I do not remember the exact moment when I first discovered the eternal spring that is John Berger. But every rendezvous with his words has been rediscovery. Ways of seeing - his famous series on the act of ‘seeing’, and the social, cultural and political contexts within which art is embedded - burst on the literary and art criticism scene like the invention of colour. Years later it is still responsible for small explosions in the minds of young artists and critics. He wrote about everything under the sun, and more - art, photography, poetry, history, culture, storytelling, politics, migration patterns, the veins of a leaf, the wrinkles on the skin of an aging lover or the colour of dreams. He wrote with conviction, but also with the curious wonder of a toddler discovering space. One of his books is entitled “Hold Everything Dear” and that is probably the best life advice that I have culled from a poet’s words.

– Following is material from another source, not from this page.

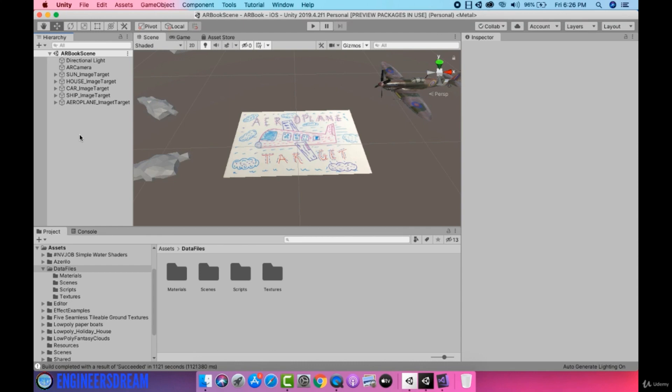In this video I'll show you how you can customize the book cover image target. For customizing the book cover I'll first create prefabs from some of my current game objects, and after this I'll position them on top of the book cover. You can customize the book cover image target as per your choice, so I'm giving you a free hand to do the customization as per your choice.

Today is his birthday, and I’m sharing a poem that holds the seed of his explorations with language, metaphor, stories and histories, but also his empathy and sensitivity for migrants and labourers. As P. Sainath points out, suddenly, the story of migrants has gone viral during the lockdown, and we are worried about migrants returning home. But people seldom ask about why they left their homes in the first place. This is something that Berger thought about deeply too. Today’s poem is testimony to his search for meaning.
Berger on poetry:
‘Poems, even when narrative, do not resemble stories. All stories are about battles, of one kind or another, which end in victory and defeat. Everything moves towards the end, when the outcome will be known.

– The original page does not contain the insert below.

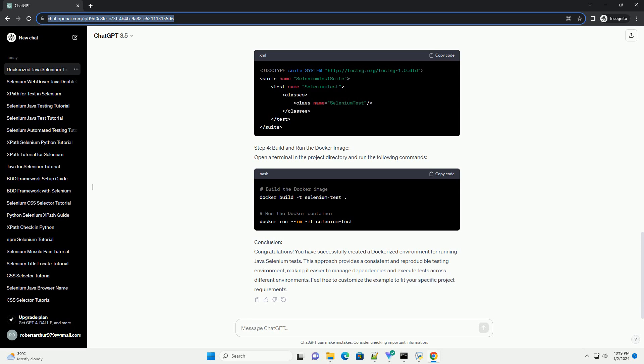Step 3: Create a TestNG XML file, testng.xml. Create a testng.xml file to define the test suite. Adjust the suite, test, and class names according to your project structure.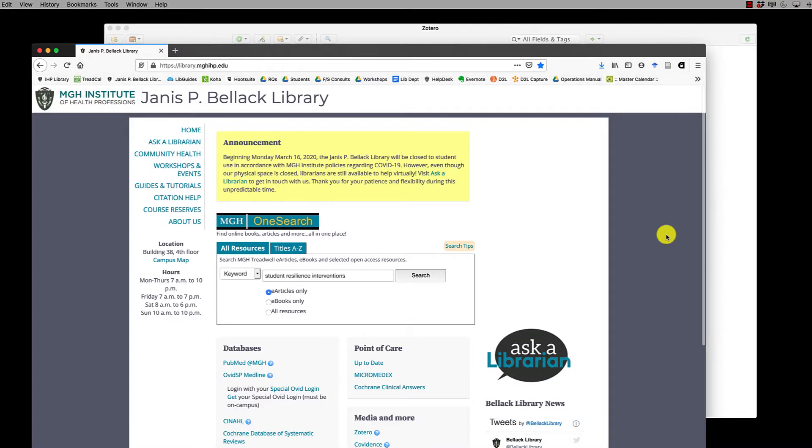In this tutorial, I'll show you how to use the Zotero web connector to import database search results into your Zotero library.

Poems, regardless of any outcome, cross the battlefields, tending the wounded, listening to the wild monologues of the triumphant or the fearful. They bring a kind of peace. Not by anesthesia or easy reassurance, but by recognition and the promise that what has been experienced cannot disappear as if it had never been. Yet the promise is not of a monument. . . The promise is that language has acknowledged, has given shelter, to the experience which demanded, which cried out...In all poetry, words are a presence before they are a means of communication.’